**Directions for this task:** Your output should be exactly the lines from the one containing "Damen Stroh Schultertasche" through the final line of the records, both included, with every picture left out.

**Materials provided:**
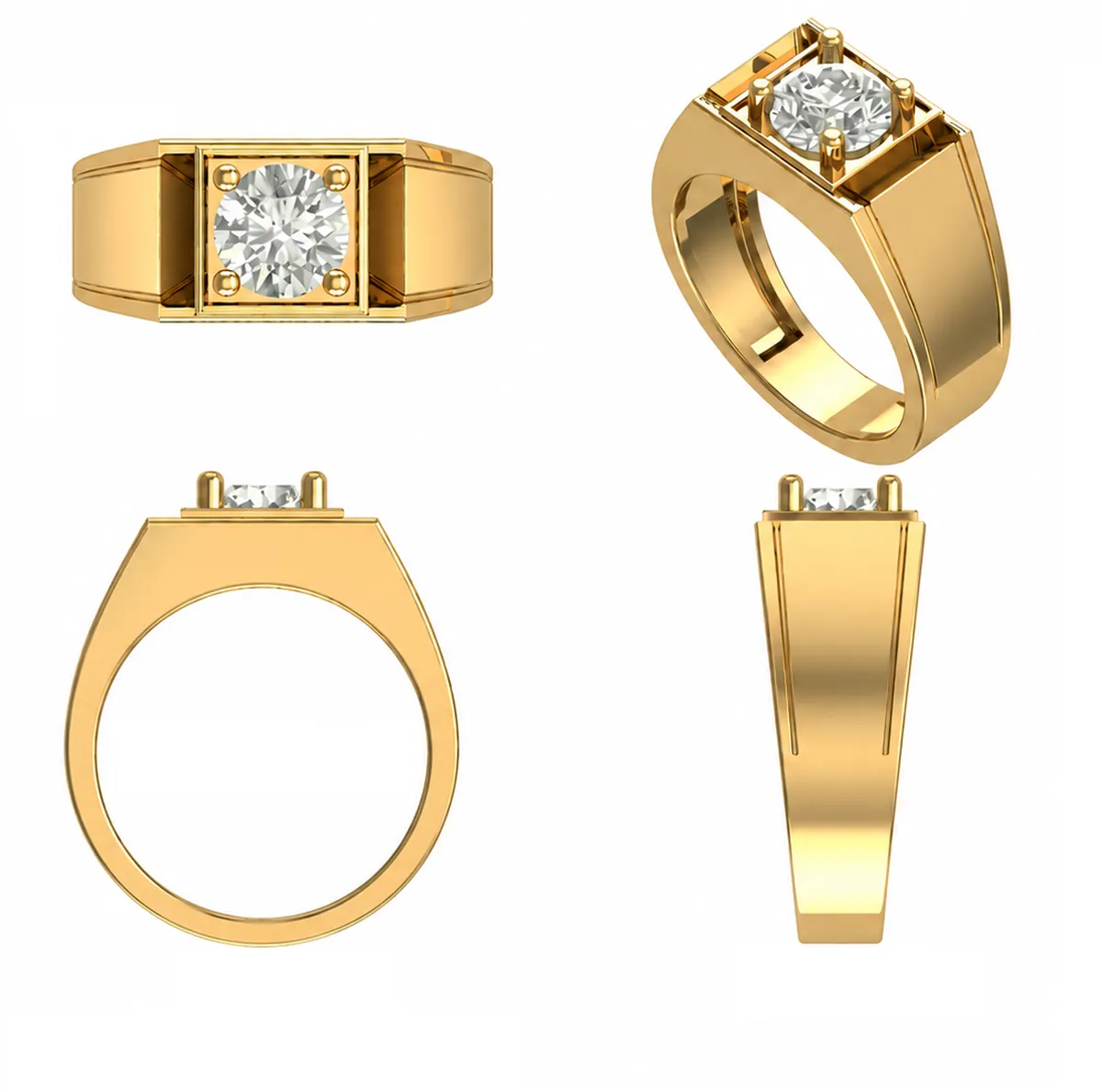 Round Solitaire Gents ring  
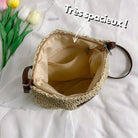Damen Stroh Schultertasche Vegane Lederriemen Umhängetasche - Image 4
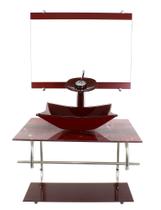 Gabinete de vidro inox para banheiro 60cm retangular mármore avermelhado Gabinete de vidro inox para banheiro 60cm retangular mármore avermelhado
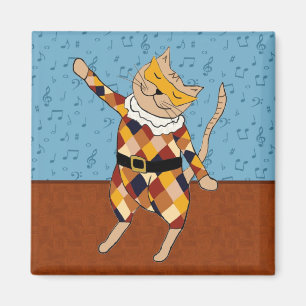 Dancing Harlequin Kitty Square Magnet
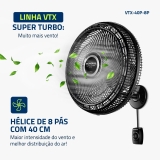 MONDIAL Ventilador de Parede 40cm Super Turbo 8 Pás, Preto/Prata, 140W, 110V – VTX-40P-8P
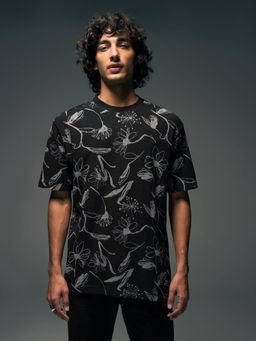 Flying Machine - Men Black Floral Printed Relaxed Fit T-shirt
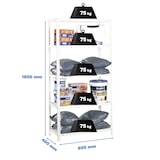 thumbnail of SimonRack Scaffale metallico con viti 1800x800x300 mm, 5 ripiani, punto di flessione 75 kg, Bianco - Advantage
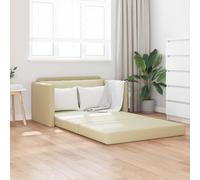 Générique Canapé-Lit Moderne Faux Cuir Crème 124 x 71 x 78 cm, Convertible 2-en-1 pour Petit Espace, Canapé Lit avec Cadre Métal et Contreplaqué, Accoudoirs Plats Design Minimaliste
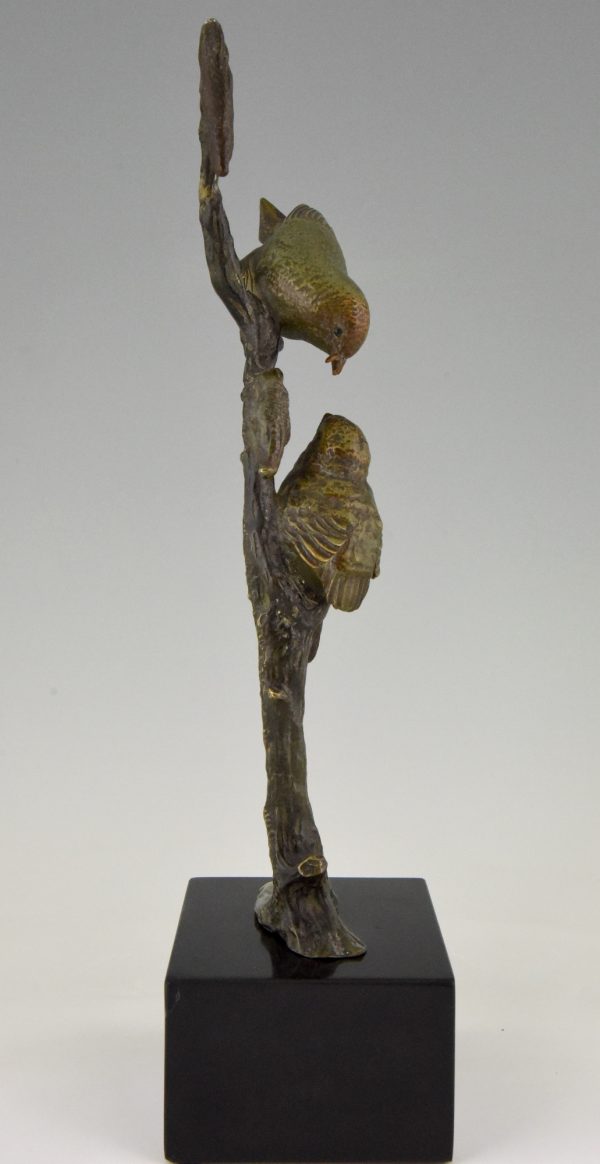 Sculpture en bronze Art Deco deux oiseaux sur une branche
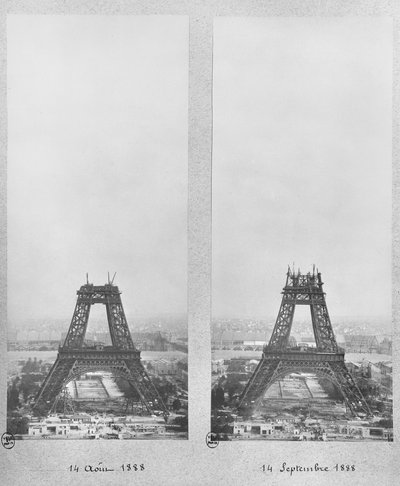 Two views of the construction of the Eiffel Tower, Paris, 14th August and 14th September 1888 by French Photographer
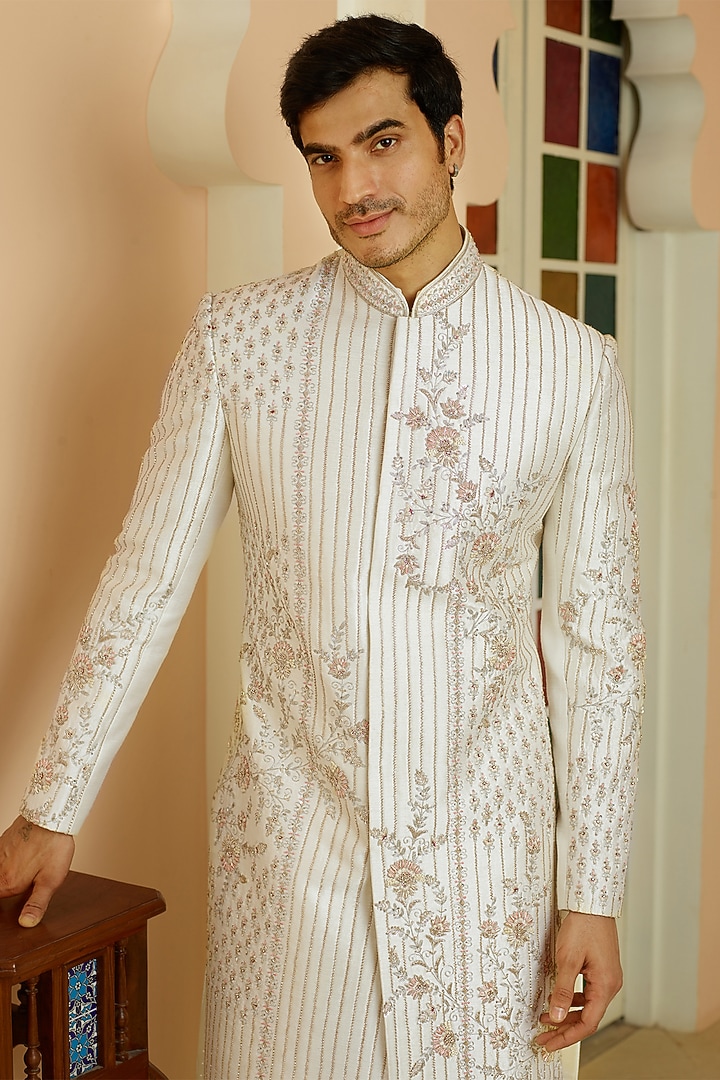 Cream Silk Floral Embroidered Wedding Sherwani Set by RE CHANNEL at Pernia's Pop Up Shop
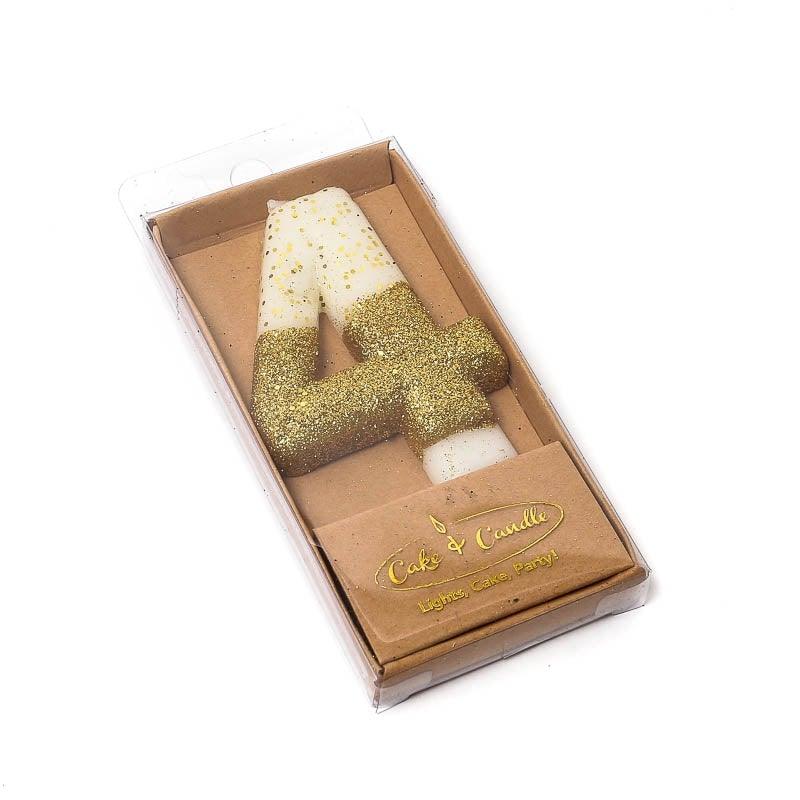 Candle Gold Dipped 8cm NUMBER 4 - Cake Decorating Central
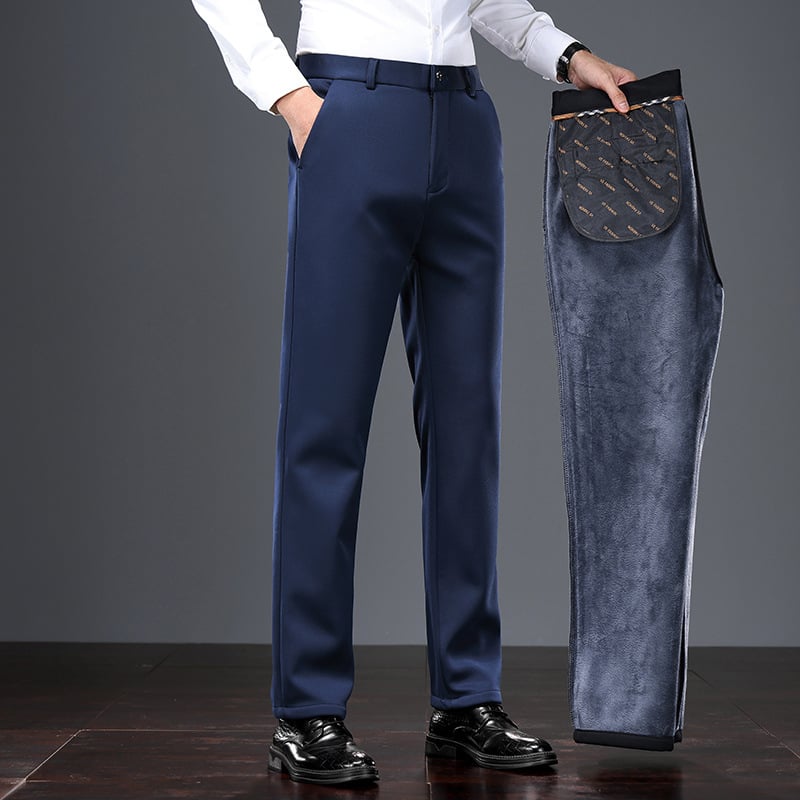 Pánske nohavice rovného strihu, polyesterová zmes, štvorcestná pružnosť, bez pokrčenia, jeseň 2025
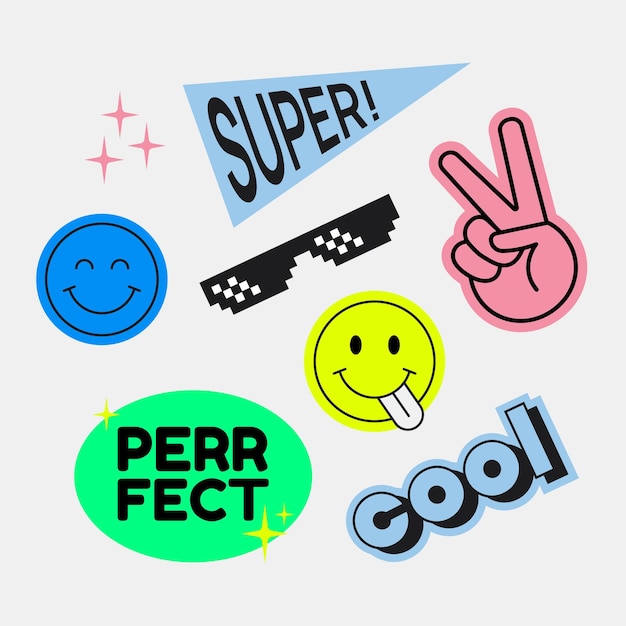 Vibrantes pegatinas retro con diseños de vibraciones trippy y positivas hacen una colección impresionante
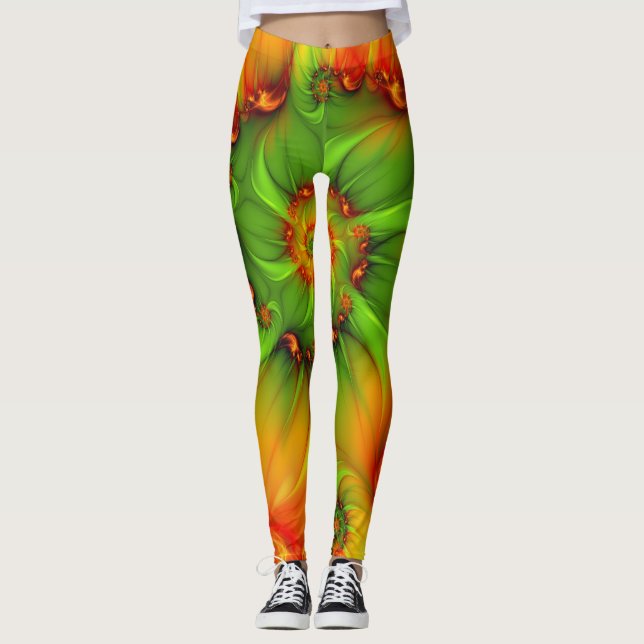Abstraktes Fraktal im Sommer grün Leggings (Vorderseite)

**Result for this exercise:**
Damen Stroh Schultertasche Vegane Lederriemen Umhängetasche - Image 4
 Gabinete de vidro inox para banheiro 60cm retangular mármore avermelhado Gabinete de vidro inox para banheiro 60cm retangular mármore avermelhado
 Dancing Harlequin Kitty Square Magnet
 MONDIAL Ventilador de Parede 40cm Super Turbo 8 Pás, Preto/Prata, 140W, 110V – VTX-40P-8P
 Flying Machine - Men Black Floral Printed Relaxed Fit T-shirt
 thumbnail of SimonRack Scaffale metallico con viti 1800x800x300 mm, 5 ripiani, punto di flessione 75 kg, Bianco - Advantage
 Générique Canapé-Lit Moderne Faux Cuir Crème 124 x 71 x 78 cm, Convertible 2-en-1 pour Petit Espace, Canapé Lit avec Cadre Métal et Contreplaqué, Accoudoirs Plats Design Minimaliste
 Sculpture en bronze Art Deco deux oiseaux sur une branche
 Two views of the construction of the Eiffel Tower, Paris, 14th August and 14th September 1888 by French Photographer
 Cream Silk Floral Embroidered Wedding Sherwani Set by RE CHANNEL at Pernia's Pop Up Shop
 Candle Gold Dipped 8cm NUMBER 4 - Cake Decorating Central
 Pánske nohavice rovného strihu, polyesterová zmes, štvorcestná pružnosť, bez pokrčenia, jeseň 2025
 Vibrantes pegatinas retro con diseños de vibraciones trippy y positivas hacen una colección impresionante
Abstraktes Fraktal im Sommer grün Leggings (Vorderseite)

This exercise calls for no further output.